When Doc Thomas isn’t cruising around town and givin’ bitches the old “what for,” he spends a lot of time online, and sometimes he comes across brilliant gems like this. Click on that link now. Seriously. Tell me that isn’t the greatest to you have ever seen, ever. Go check it out now, I’ll wait.
This thing haunted my dreams. The mere notion of two things so great combined into one amazing (though thoroughly illegal) thing made my head spin: I needed to own one. I searched high and low online, on import stores, on eBay, even asking friends in Hong Kong and Singapore to look out for me, but no luck. “Voltromas” yielded no results, nor did “Thomas the Tank Engine Voltron.” And then, I found it! Turns out “Thomas the Tank Engine Transformer” was the right combination, and then viola, purchased, and on his glorious way to me!
With this, I submit my first ever review to Poe Ghostal’s Points of Articulation for the best toy ever made: Voltromas, the Thomas the Tank Engine Transformer!!
Packaging: The packaging for this illegal knock-off is surprisingly good, featuring very colorful images of the masterpiece within, with plenty of Mandarin characters and mistranslation as well as what appears to be crappy cardboard caps promoting the 2008 telemovie “The Great Discovery.” Due to the people shipping the item not caring about the state of the shipped item, my packaging was all creased up and bent, but that just added to the whole experience.

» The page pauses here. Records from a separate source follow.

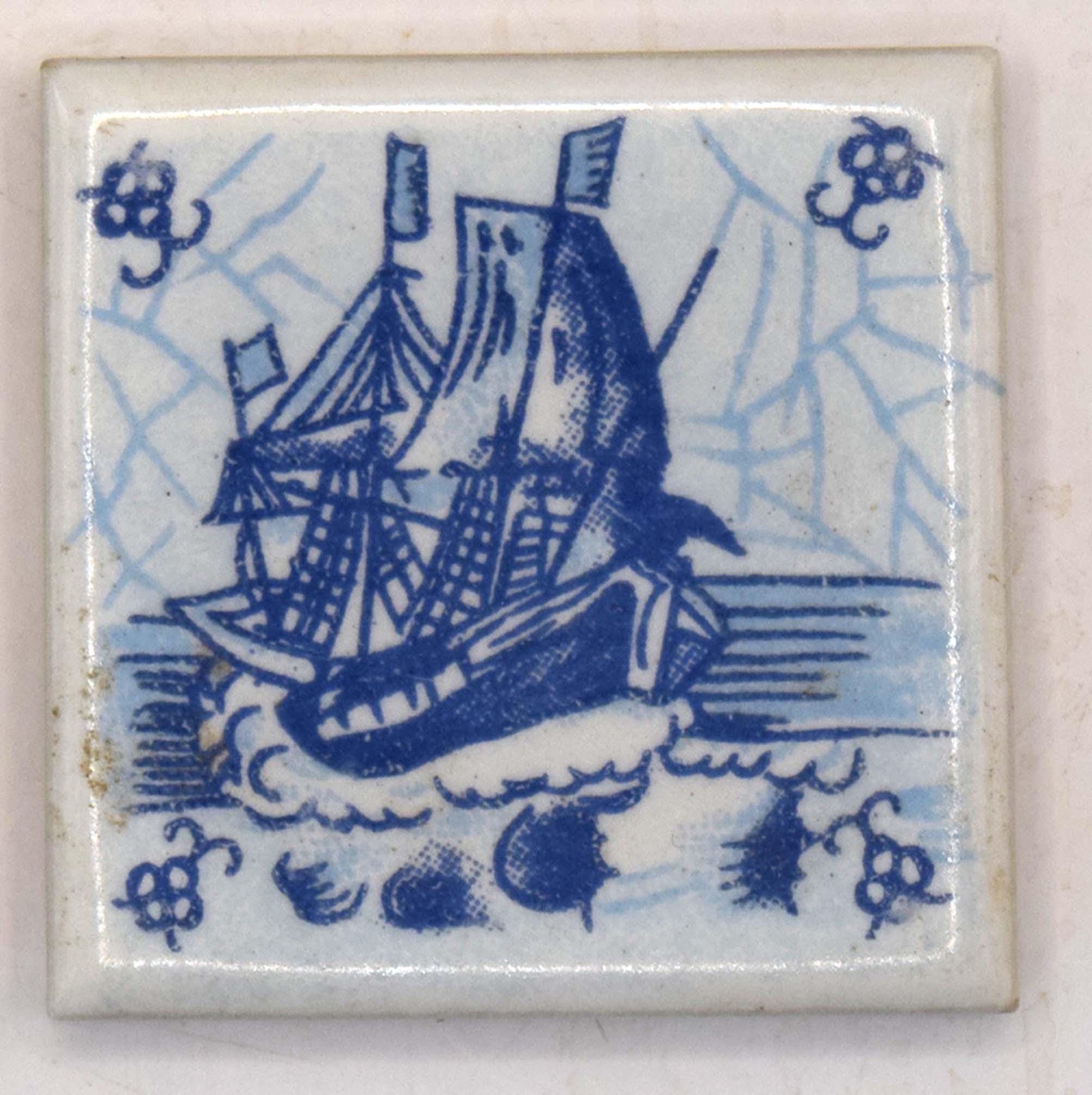 Set of 4 Vintage Miniature Delft Blue Tiles Nautical 17th Century Sailing Ships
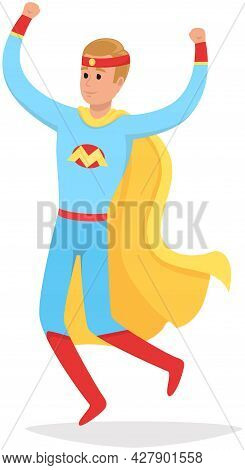 Strong Super Man Smiles And Flies To Save World Stretched Out His Hand. Brave Character In Superhero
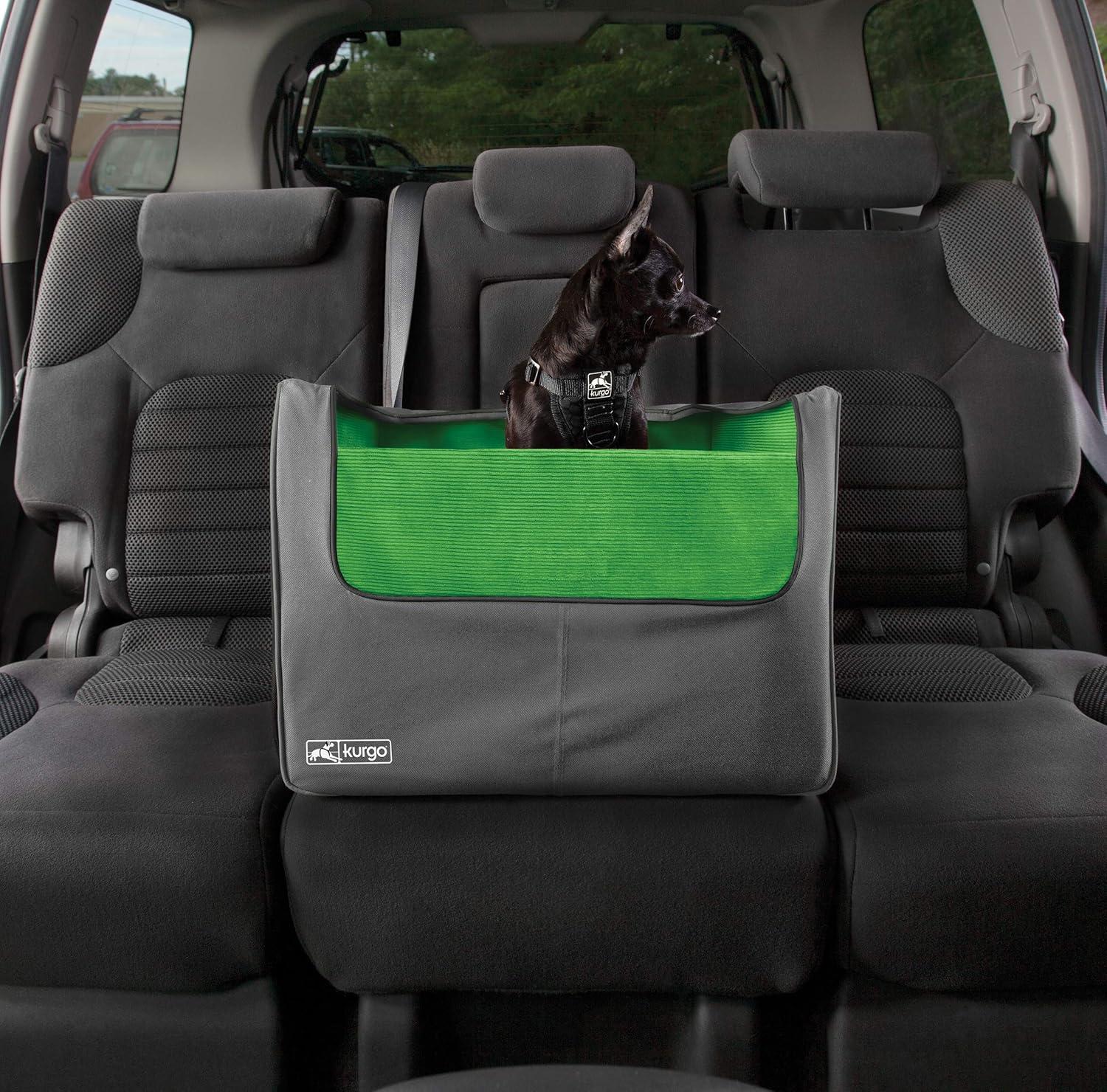 Green and Gray Soft-Sided Dog Car Booster Seat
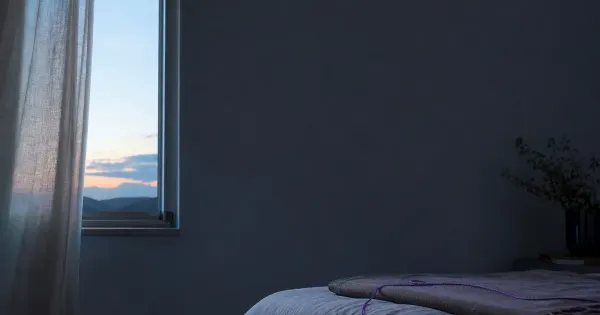 Pennello su barattolo di vernice chiuso, sul parapetto di un balcone, con il vento improvvisamente fermo — protocollo…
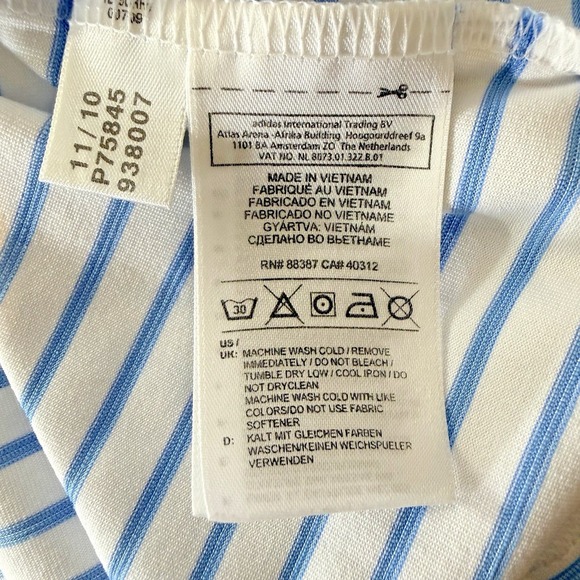 Addidas Women's Ultimate Lite White & Blue Stripe Sleeveless Golf Shirt Large - Picture 7 of 9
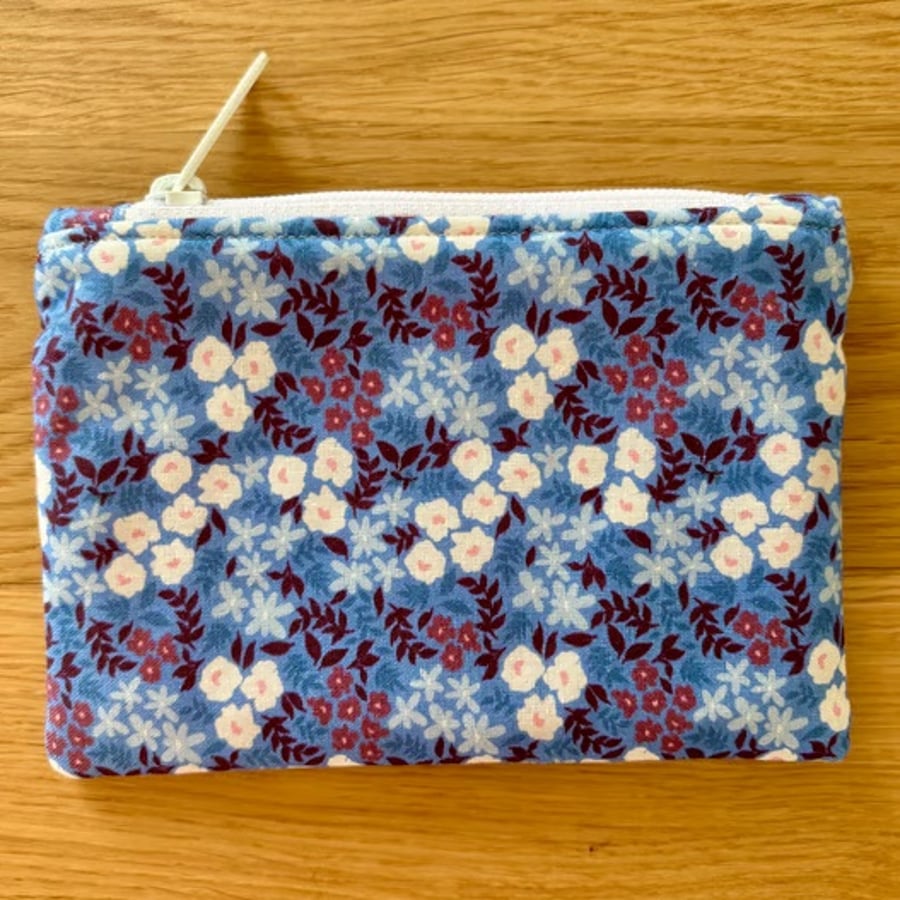 Small zipped fabric purse, pouch, make up bag, in blue floral print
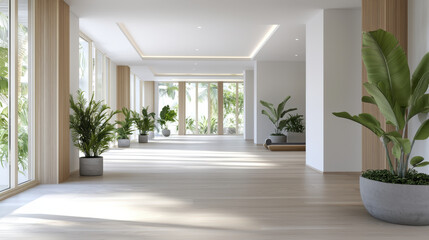 Fototapeta premium Bright and spacious interior with large windows, plants, and wooden accents. Ideal for eco conscious design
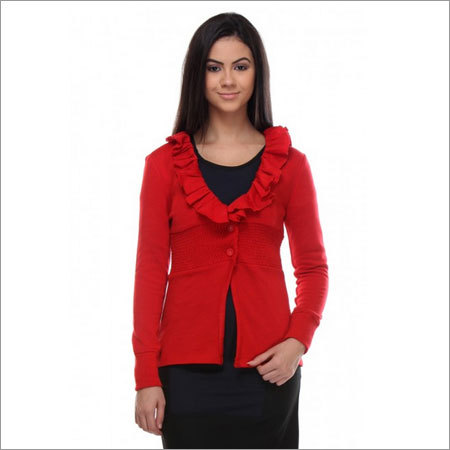 Paola - Red Waist Length Relaxed Fit Cardigan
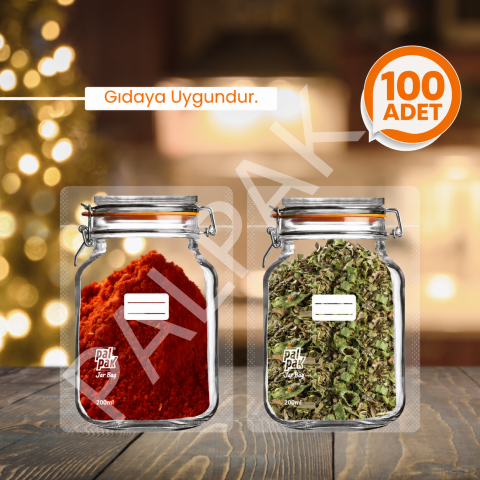 Klips Desenli Mini Boy Kavanoz Görünümlü Kilitli Doypack Saklama Poşeti (11x15 Cm - 200 ml) 50 Adet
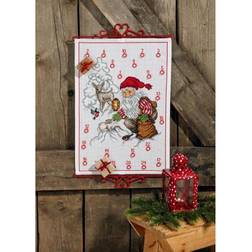 Permin Broderikit Julekalender Julemanden fodrer 35x51cm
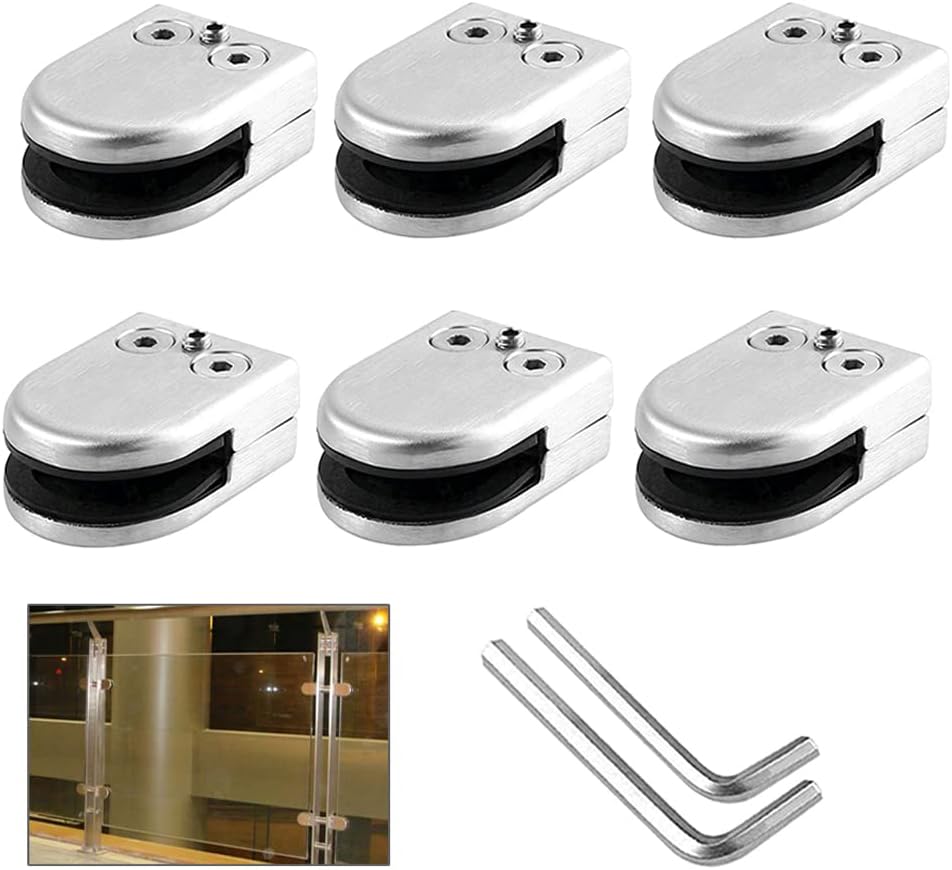 Set Mit 6 Glasklemmen, 8-10 Mm (größe M) - Aus Edelstahl 304 - Verstellbare Halterung - Flache Rückseite - Für Treppen, Balustradenhandläufe (silber)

Design: Genius. Pure and simple. Three different trains: one Thomas the Tank Engine, one Henry the Green Engine and one James the Red Engine, all coming to pieces and assembling back together to make one amazing beast. Screw your Voltron and its different lion-things, and your vehicle Voltron and its general suckiness, and your silly Transformers vehicles — Thomas the Tank Engine is where it’s at.
In train form, each vehicle is about 7″ long, with articulated wheels that break off when you look at them and little hook-things that kind of hold each train together, but not really. Thomas and Henry both segment into three pieces, folding out to become the arms and legs of the beast, whereas James’ midsection opens up as if being disemboweled to form the body piece and head. The beast itself is nearly 10″ tall – just imagine a life sized Voltromas tearing up a city to the Thomas the Tank Engine theme. Is there anything better in the world? Answer me, damn you!
Plastic & Paint: The plastic is brittle and the paint apps so bad, an analysis using my homemade mass spectrometer revealed the paint had been applied via weasels rolling around in paint. Consider the eyes of each train, splattered on as if to suggest each train is on acid. Then observe all of the over-spray, with various sections of “the wrong color” applied liberally everywhere. (This is actually quite effective wherever red paint has splattered on, as it suggests that Voltromas has just torn up an orphanage – angrily.) Stickers are used on the back ends of the trains, nearly all poorly positioned and most on the wrong character.
The plastic itself is awful and resistant to fixing; any superglue used to strengthen a joint will start to melt the plastic causing the color to drip all over your desk. One of the vital joints to hold the legs in place broke in the package.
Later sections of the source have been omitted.